To make matters worse, Komodia isn’t the only software vendor that’s been tripped up by this sort of problem. Another piece of software known as PrivDog is also vulnerable. Ostensibly, PrivDog is supposed to protect your privacy by intercepting your traffic and substituting ads from “untrusted sources” with ads from a “trusted” source, namely AdTrustMedia. Like Komodia’s software, PrivDog installs a root certificate when it’s installed, which it then uses to sign the certificates it intercepts. However, a bug in certain versions of PrivDog cause it to sign all certificates, whether they’re valid or not. Simply put, this means that any certificate your browser sees while PrivDog is installed could be the result of a man-in-the-middle attack, and you’d have no way of knowing.

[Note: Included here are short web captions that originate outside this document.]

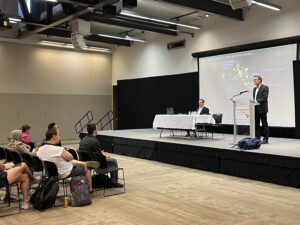 Iran War Teach-in March 2026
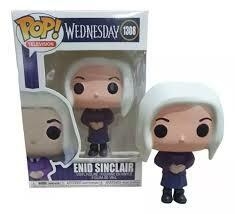 Imagen de Funko Pop FAMILIA ADDAMS Merlina Wednesday Enid Bianca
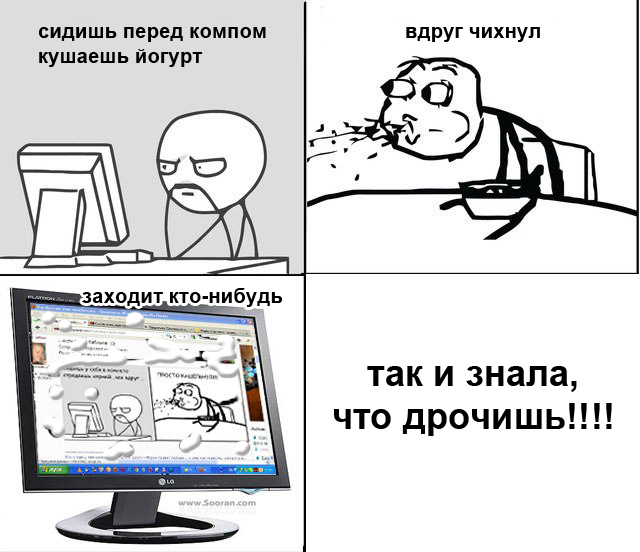 Кто бы о нас еще позаботился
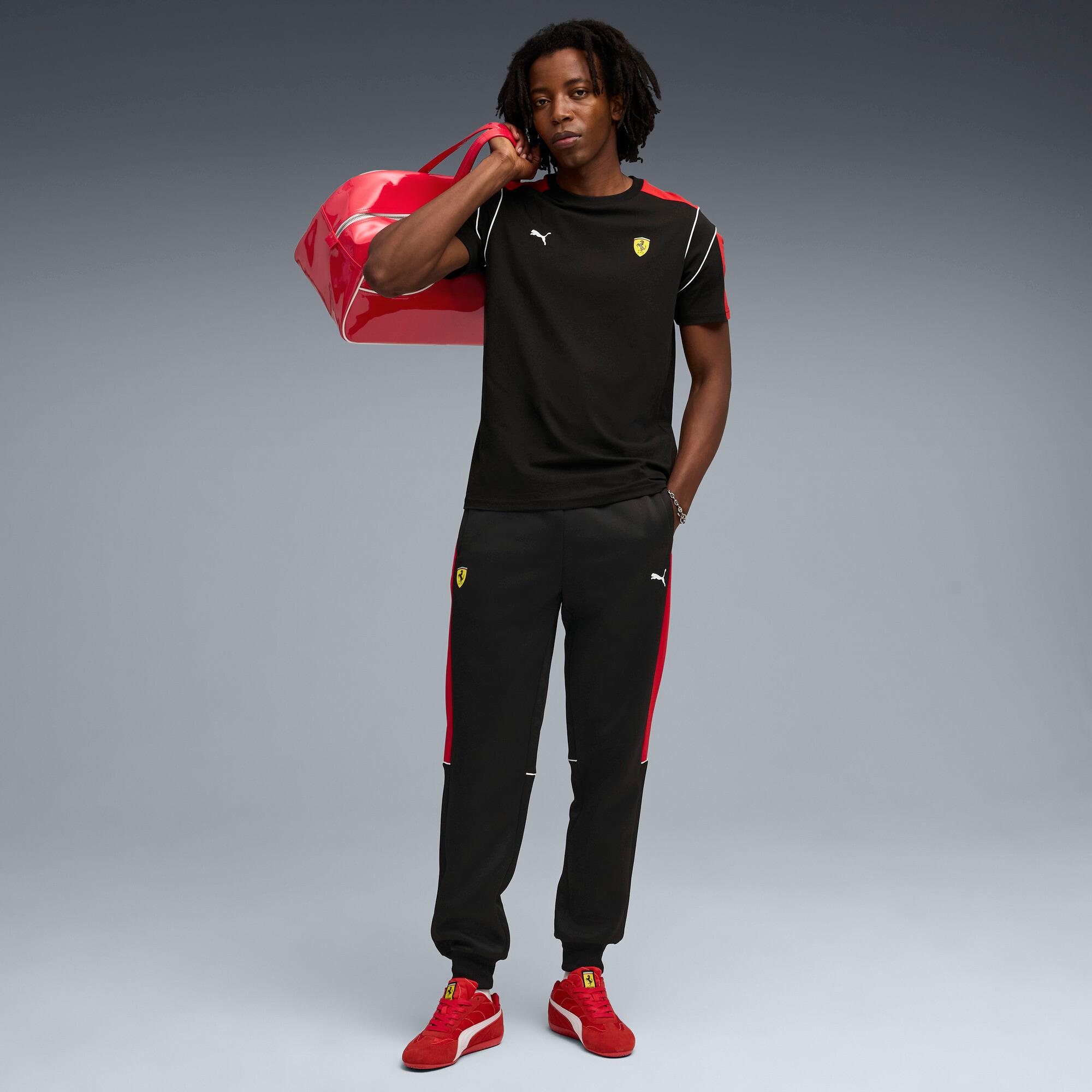 PUMA Ferrari MT7 Track Pants Men Product Image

The Decentralized SSL Observatory has collected over 17,000 different certificates from PrivDog users, any one of which could be from an attack. Unfortunately, there’s no way to know for sure.
So what can we learn from this Lenovo/Superfish/Komodia/PrivDog debacle? For users, we’ve learned that you can’t trust the software that comes preinstalled on your computers—which means reinstalling a fresh OS will now have to be standard operating procedure whenever someone buys a new computer.
But the most important lesson is for software vendors, who should learn that attempting to intercept their customers’ encrypted HTTPS traffic will only put their customers’ security at risk. Certificate validation is a very complicated and tricky process which has taken decades of careful engineering work by browser developers.2 Taking certificate validation outside of the browser and attempting to design any piece of cryptographic software from scratch without painstaking security audits is a recipe for disaster.
Let the events of the last week serve as a warning: attempting to insert backdoors into encryption as Komodia attempted to do (and as others have called for in other contexts) will inevitably put users’ privacy and security at risk.
- 1. Based on the “verify_fail” pattern, we also found certificates that purport to be from five pieces of software which, to our knowledge, haven’t yet been identified as using Komodia’s proxy software. The issuer fields for these certificates were: “O=Sweesh LTD, L=Tel Aviv, ST=Tel Aviv, C=IL, CN=Sweesh LT”, “O=Kinner lake Gibraltar, L=My Town, ST=State or Providence, C=GI, CN=Kinner lake Gibraltar”, “C=US, ST=California, L=SanDiego, O=EdgeWave.com, OU=Security, CN=EdgeWave.com/emailAddressfirstname.lastname@example.org”, “O=NordNet/emailAddressemail@example.com, L=HEM, ST=HEM, C=FR, CN=Nordnet.fr”, and “O=PSafe Tecnologia S.A./emailAddressfirstname.lastname@example.org, L=Rio de janeiro, ST=Rio de janeiro, C=BR, CN=PSafe Tecnologia S.A.”. While we were unable to identify any organizations associated with the first two certificates, EdgeWave, NordNet, and PSafe appear to sell antivirus or web filtering products.
- 2. Just last year, for example, researchers found a number of bugs in certificate validation libraries [PDF] through fuzz testing.